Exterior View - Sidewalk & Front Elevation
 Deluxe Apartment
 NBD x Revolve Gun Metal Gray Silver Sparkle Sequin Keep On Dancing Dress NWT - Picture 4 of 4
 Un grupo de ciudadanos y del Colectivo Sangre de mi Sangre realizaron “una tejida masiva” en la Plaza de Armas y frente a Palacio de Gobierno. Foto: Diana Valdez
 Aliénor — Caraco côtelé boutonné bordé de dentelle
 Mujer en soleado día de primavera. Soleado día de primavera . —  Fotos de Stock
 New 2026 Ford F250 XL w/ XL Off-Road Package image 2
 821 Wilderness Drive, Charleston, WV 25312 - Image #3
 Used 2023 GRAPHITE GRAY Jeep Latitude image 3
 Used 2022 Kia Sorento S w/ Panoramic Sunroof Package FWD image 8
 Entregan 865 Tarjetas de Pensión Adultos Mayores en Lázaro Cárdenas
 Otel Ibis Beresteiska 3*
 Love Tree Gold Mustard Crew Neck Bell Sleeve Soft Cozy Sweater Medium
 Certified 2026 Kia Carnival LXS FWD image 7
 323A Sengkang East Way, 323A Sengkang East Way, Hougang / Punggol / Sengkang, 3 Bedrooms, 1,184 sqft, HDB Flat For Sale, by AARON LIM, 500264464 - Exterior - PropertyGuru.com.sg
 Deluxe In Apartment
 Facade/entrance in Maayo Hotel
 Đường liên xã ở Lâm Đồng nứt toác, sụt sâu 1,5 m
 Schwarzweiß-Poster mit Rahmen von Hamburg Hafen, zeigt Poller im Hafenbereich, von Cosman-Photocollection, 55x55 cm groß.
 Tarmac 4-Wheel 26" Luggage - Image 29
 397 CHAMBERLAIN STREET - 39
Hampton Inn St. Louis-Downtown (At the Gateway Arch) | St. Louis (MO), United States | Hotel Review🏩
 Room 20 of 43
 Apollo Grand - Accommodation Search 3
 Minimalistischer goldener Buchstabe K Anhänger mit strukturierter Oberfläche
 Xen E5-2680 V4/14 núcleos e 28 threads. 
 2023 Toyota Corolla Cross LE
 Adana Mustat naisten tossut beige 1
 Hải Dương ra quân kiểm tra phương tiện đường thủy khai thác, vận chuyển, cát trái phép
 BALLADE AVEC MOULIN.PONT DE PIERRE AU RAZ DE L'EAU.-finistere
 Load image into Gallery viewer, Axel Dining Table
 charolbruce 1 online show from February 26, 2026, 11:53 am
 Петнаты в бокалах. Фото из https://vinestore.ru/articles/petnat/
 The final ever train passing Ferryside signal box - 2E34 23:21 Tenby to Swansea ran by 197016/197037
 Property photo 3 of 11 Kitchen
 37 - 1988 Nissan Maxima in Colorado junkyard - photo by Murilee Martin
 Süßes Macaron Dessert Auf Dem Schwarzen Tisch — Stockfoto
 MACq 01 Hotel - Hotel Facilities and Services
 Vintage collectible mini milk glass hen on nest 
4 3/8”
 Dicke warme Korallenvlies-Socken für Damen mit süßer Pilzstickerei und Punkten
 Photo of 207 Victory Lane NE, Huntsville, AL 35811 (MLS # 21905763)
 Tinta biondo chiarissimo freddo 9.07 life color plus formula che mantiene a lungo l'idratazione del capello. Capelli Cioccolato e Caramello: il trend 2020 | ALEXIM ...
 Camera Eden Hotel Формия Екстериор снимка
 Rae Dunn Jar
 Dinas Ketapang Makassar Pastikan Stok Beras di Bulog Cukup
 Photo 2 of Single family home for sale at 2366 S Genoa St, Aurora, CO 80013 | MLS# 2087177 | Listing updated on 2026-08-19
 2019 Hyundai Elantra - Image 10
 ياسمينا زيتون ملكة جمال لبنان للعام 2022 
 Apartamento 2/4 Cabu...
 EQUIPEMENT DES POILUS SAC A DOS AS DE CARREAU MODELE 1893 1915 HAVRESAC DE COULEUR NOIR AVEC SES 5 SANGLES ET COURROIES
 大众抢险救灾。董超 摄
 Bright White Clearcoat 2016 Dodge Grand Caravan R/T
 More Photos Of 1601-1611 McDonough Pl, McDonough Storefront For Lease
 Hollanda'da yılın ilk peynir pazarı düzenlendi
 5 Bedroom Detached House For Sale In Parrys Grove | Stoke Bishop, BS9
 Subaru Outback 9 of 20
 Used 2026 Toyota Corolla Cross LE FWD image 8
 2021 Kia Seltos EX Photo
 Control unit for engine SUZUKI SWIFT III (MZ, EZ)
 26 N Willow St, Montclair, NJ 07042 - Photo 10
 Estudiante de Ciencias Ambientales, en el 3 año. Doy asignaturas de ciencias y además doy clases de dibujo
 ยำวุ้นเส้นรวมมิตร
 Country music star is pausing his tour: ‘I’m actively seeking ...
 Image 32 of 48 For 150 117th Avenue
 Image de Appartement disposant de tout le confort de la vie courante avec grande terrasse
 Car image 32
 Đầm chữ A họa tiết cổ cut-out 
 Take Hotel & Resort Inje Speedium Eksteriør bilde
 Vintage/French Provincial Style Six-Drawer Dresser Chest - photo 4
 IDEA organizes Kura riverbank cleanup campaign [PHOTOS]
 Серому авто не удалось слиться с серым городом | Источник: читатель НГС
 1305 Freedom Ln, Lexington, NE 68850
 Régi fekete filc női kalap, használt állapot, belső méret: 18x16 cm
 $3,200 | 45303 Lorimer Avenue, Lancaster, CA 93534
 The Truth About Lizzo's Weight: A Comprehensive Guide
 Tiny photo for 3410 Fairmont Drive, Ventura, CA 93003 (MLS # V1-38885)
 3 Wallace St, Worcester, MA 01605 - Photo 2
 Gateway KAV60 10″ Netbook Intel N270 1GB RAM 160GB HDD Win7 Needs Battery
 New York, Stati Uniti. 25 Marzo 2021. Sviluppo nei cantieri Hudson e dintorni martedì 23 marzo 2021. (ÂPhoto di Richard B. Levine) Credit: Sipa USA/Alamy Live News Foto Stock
--- --- ---
◆ **WORK ITEM**: Wherever a line of the data above contains "Apartment", copy that line.

◆ **EXERCISE RESPONSE**:
 Deluxe Apartment
 Deluxe In Apartment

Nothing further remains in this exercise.